Virginia Says No to ABC, Won’t Switch : College football: The university refuses to change the starting time of a Parents’ Day game to get it on network television. It might be a first.
Getting colleges to change game times for television is a common occurrence.
This week, UCLA switched the start of its home game with Arizona State from 12:30 to 7 p.m. to accommodate Prime Ticket. And USC switched the start of Saturday’s home game with Washington State from 1:30 to 12:30 p.m. for ABC.
Fans don’t like it, but the schools agree to change because of the money and exposure television offers. Mostly, it’s the money.
So it’s more than a little surprising that Virginia told ABC that it will not change the time of its Oct. 31 game against Florida State.
ABC asked Virginia to switch from 7:30 p.m., EST, to 3:30, but university officials, citing conflicts with their annual Parents Weekend festivities, said no.
That may be a first. David Downs, ABC Sports’ vice president of programming, who has been at the network for 12 years, said he has never heard of such a thing.

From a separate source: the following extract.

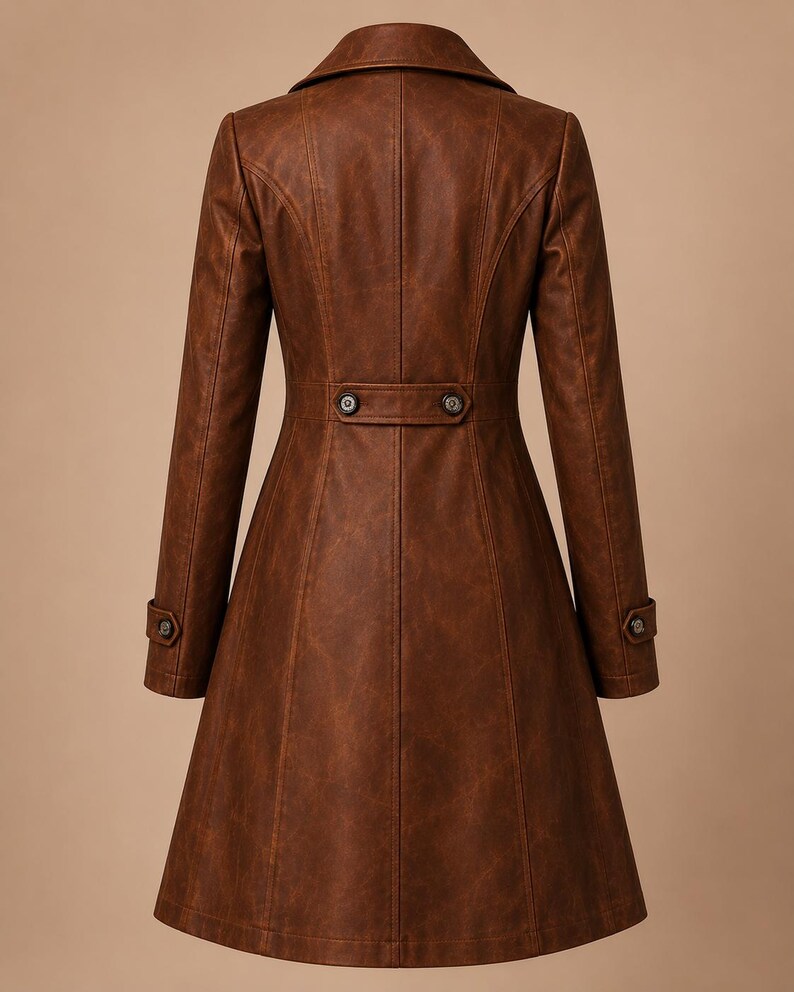 May include: A brown, faux leather coat with a classic design. The coat features a notched collar, long sleeves, and a button closure at the waist. The coat has a flared skirt and button details on the sleeves.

ABC planned to show Florida State-Virginia on a regional basis, so it will cost each school about $200,000.
ABC spokesman Mark Mandel said the network will televise Georgia-Florida at Jacksonville, Fla., instead.
So Florida State not only lost an ABC payday, its place was taken by a rival school.
“I’m very disappointed, and that is putting it mildly,” Florida State Athletic Director Bob Goin said.
But not all is lost for Florida State. The plan is to show Virginia-Florida State on pay-per-view. The cost: $19.95.
It will be Florida State’s third pay-per-view telecast of the season. Games against Duke and Wake Forest were the other two. The carrier is the Florida-based Sunshine Network.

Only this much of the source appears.